Hi @Josue_Guerrero1 … your idea of dropping and adding collections sounds a little bit “heavyweight” and likely to require more resources compared with updating fields in the collection. However, one can imagine situations in which it might make sense. In any case, there is not enough information in your description to make a “scientific” evaluation. Why would you not merely update fields? What’s the win here? Easier coding, or some other advantage?

Hubert_Nguyen1 · February 26, 2025, 4:56pm

Hi @Josue_Guerrero1 and welcome to the MongoDB forums!

In addition to what @Jack_Woehr said, I also wanted to provide additional context if you might have a large number of collections. There are no hard limit on how many collections you can have in a database, but here are general recommendations our product team has for each type if instances:

Josue_Guerrero1 · February 27, 2025, 8:47am

Hello @Jack_Woehr thanks for your swift response, yeah this is because, in the current system, we believe that a collection which is constantly inserting and deleting data (using TTL) is experiencing performance issues. We ran a performance test, and the insertions are very slow. I mean, this collection could receive more than 1 million documents per day. I don’t particularly like this approach, but I’d like to understand the consequences of dropping the collection. Would it lock the database or cause other issues?

Jack_Woehr · February 28, 2025, 2:37am

Maybe you should look at your data design more closely. It’s hard to give you a concrete answer based on what we’ve been told. Possibly your design should be more relational.

Josue_Guerrero1 · February 28, 2025, 3:46am

@Jack_Woehr Thanks for your response, I will try to give you an example about the situation and why I’m trying to go for this approach.

Currently, we have information that needs to be filtered based on specific criteria. Each filter can match a number of users, and since these users are distributed across different databases, we need to store this information gradually in temporary storage (called conclusions). Later, using an AND operation, we match the players who meet the criteria in more than one filter and group them together.

The challenge here is that a single filter could match over 250,000 users.
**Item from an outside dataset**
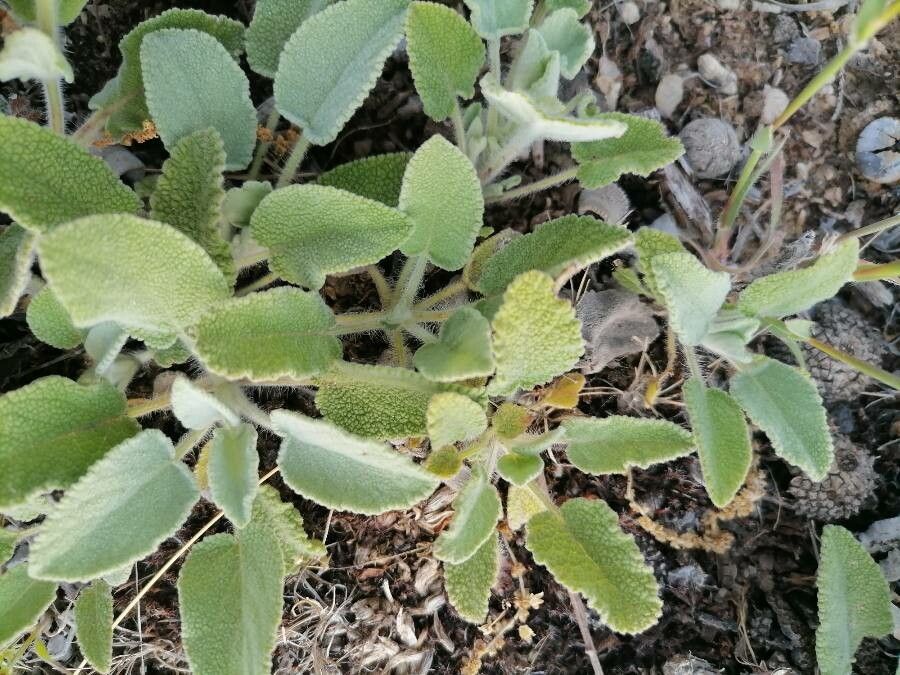 Sideritis gomeraea flower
Additionally, these conclusions are temporary and only remain in the database for a limited period of time.

Example 1:

Let’s say we have two filters:

Filter 1: Players from the United States
Filter 2: Players who play a certain game

If Filter 1 matches 300,000 users and Filter 2 matches 150,000, we store these matches temporarily in the conclusions. Then, we use an AND operation to find the users who match both filters (e.g., players from the United States who also play the specific game). The problem here is that we are inserting information into this collection in batches of about 5,000 users per batch, but the process is very slow. Additionally, the information is temporary and typically stays in this collection for about 2 days before being deleted by TTL. Furthermore, this process runs in parallel. The same process can be executed multiple times in the service, depending on the number of instances available on the server. The issue lies in the insertion process: retrieving the information is very fast, but inserting the data into the collection is too slow.

Jack_Woehr · February 28, 2025, 4:56am

@Josue_Guerrero1, I infer from your use case that you’re mining your conclusions from disparate databases that come either from different generations of game design or from partnerships or acquisitions.

Perhaps your operation could benefit from an enterprise event bus model (vide Kafka, etc.) where there’s a constant flow of information rather than a “scoop and dump” approach?

Your workflow as currently implemented sounds challenging not only to MongoDB but also to a classic RDBMS. Perhaps you are cost-constrained and not inclined towards enterprise-class hardware such as IBM z architecture which runs both Db2 (a classic RDBMS) as well as MongoDB.

Hubert_Nguyen1 · February 28, 2025, 2:24pm

I’m curious about how long it takes, in ms or seconds, to insert a batch of 5000. Am I right to assume that you’re using insertMany() ?

If we could have an idea of the average document and update size, it would also shed additional light on your workload.

Josue_Guerrero1 · February 28, 2025, 3:57pm

Hello @Hubert_Nguyen1 yes, we are using insertMany. I will run some tests again to measure the time in milliseconds.

Hubert_Nguyen1 · February 28, 2025, 4:35pm

Thanks @Josue_Guerrero1 , if you run some tests, you can use explain(“executionStats”)

you can check if an index was used
also get the executionTimeMillis execution time